§ What needs to be done
All of the data should be output character for character, except the pictures.

§ Dataset records
..........

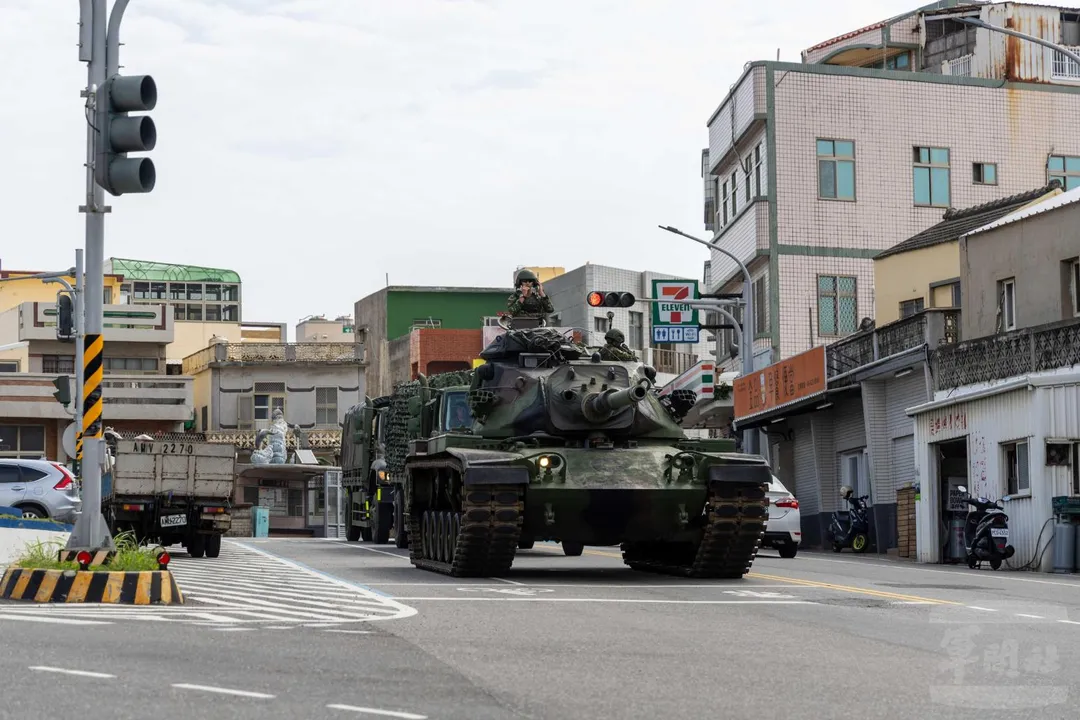 M60A3戰車行駛在澎湖的市區街道,後方還可見到2輛中型戰術輪車。(圖/軍聞社)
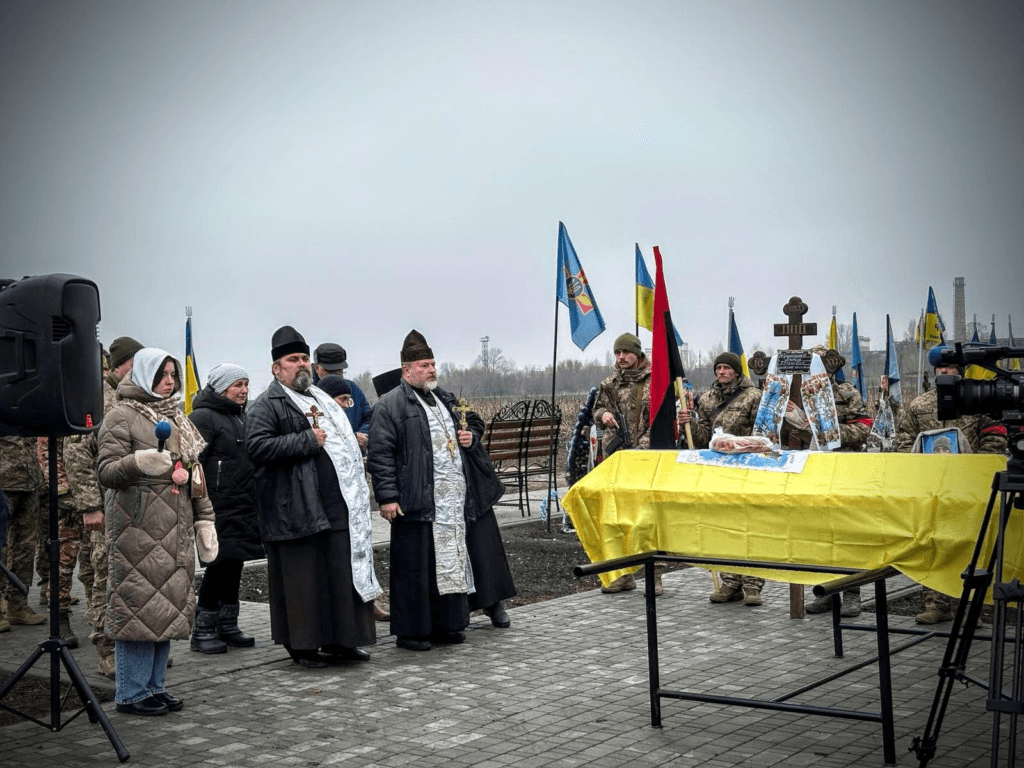 У Миргороді прощалися з Антоном Пушкарьовим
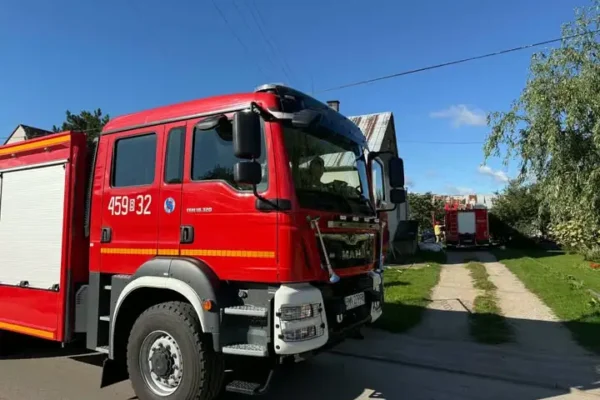 Pożar poddasza w Przytulance. Sześć zastępów w akcji
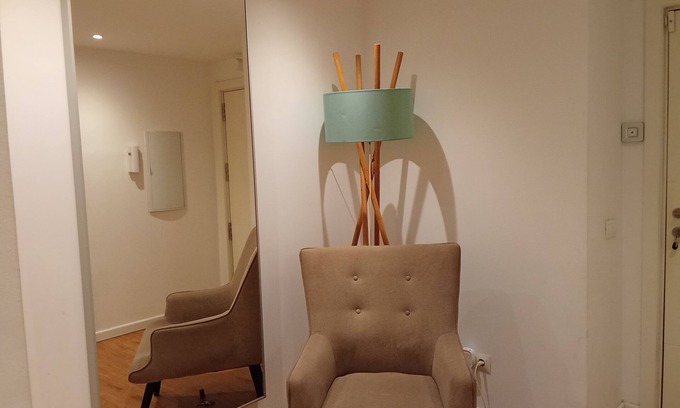 Perchel Sur Apartamento | Loft Malaga 3 Dormitorios, salón, wifi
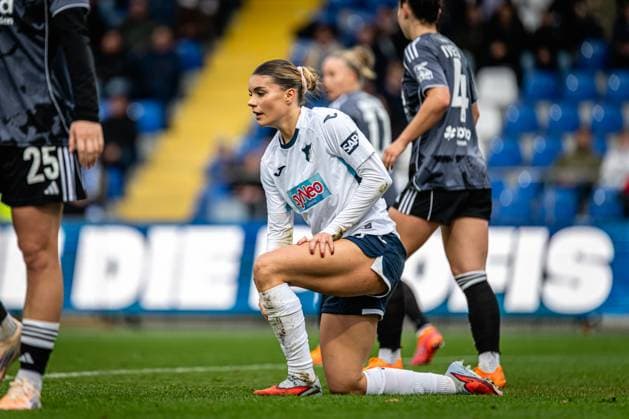 DFB-Pokal Frauen: TSG Hoffenheim - Eintracht Frankfurt; 16.11.2025 Selina Cerci (29; TSG Hoffenheim Frauen) kniet verletzt auf dem Spielfeld und hält sich das Knie DFB-Pokal der Frauen: TSG Hoffenheim gegen Eintracht Frankfurt, im Dietmar-Hopp Stadion in Hoffenheim. Copyright: xBEAUTIFULxSPORTS Gelhardtx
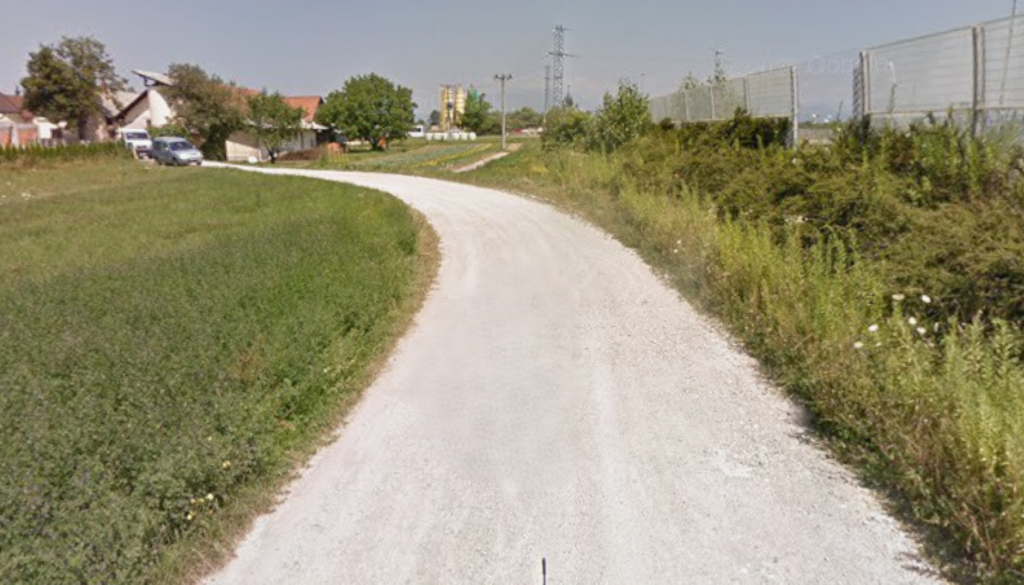 V Sostru razkol zaradi makadamske bližnjice: Krajani opozarjajo, župan zavrnil grbine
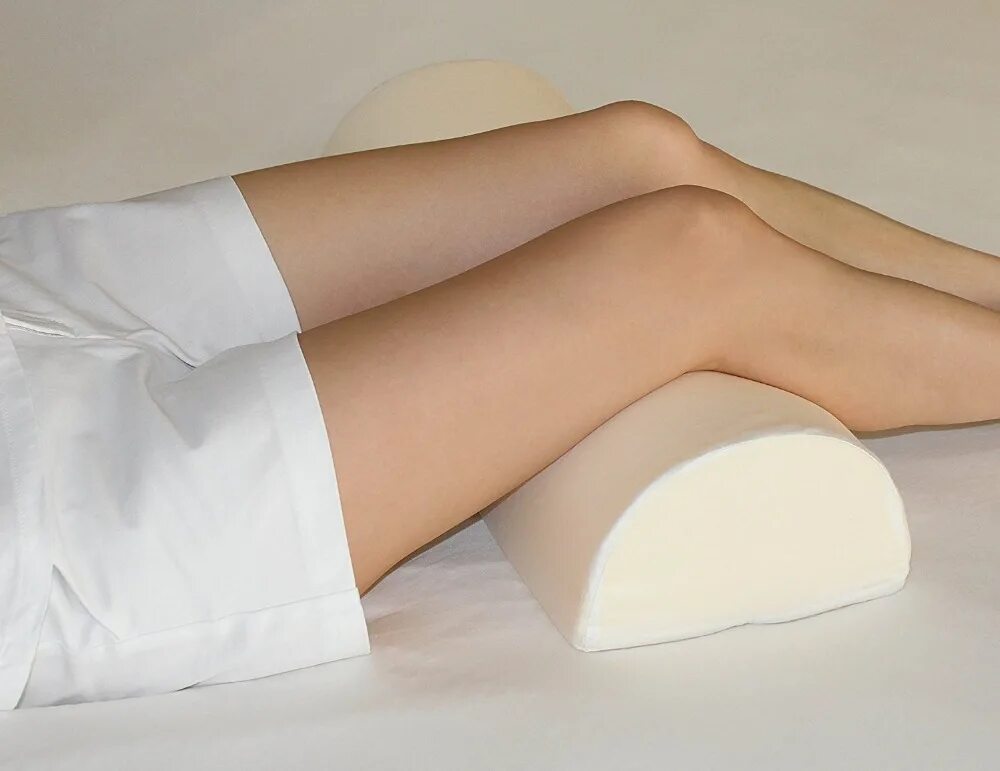 валик под ноги для сна. подушка под колени для сна. подушка для одиноких мужчин. подушка под колени для сна. подушка коленки.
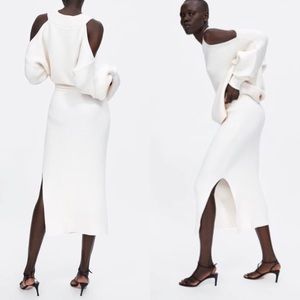 ✨SOLD✨ZARA LONG RIBBED KNIT SKIRT. NWT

..........

§ Written response
 M60A3戰車行駛在澎湖的市區街道,後方還可見到2輛中型戰術輪車。(圖/軍聞社)
 У Миргороді прощалися з Антоном Пушкарьовим
 Pożar poddasza w Przytulance. Sześć zastępów w akcji
 Perchel Sur Apartamento | Loft Malaga 3 Dormitorios, salón, wifi
 DFB-Pokal Frauen: TSG Hoffenheim - Eintracht Frankfurt; 16.11.2025 Selina Cerci (29; TSG Hoffenheim Frauen) kniet verletzt auf dem Spielfeld und hält sich das Knie DFB-Pokal der Frauen: TSG Hoffenheim gegen Eintracht Frankfurt, im Dietmar-Hopp Stadion in Hoffenheim. Copyright: xBEAUTIFULxSPORTS Gelhardtx
 V Sostru razkol zaradi makadamske bližnjice: Krajani opozarjajo, župan zavrnil grbine
 валик под ноги для сна. подушка под колени для сна. подушка для одиноких мужчин. подушка под колени для сна. подушка коленки.
 ✨SOLD✨ZARA LONG RIBBED KNIT SKIRT. NWT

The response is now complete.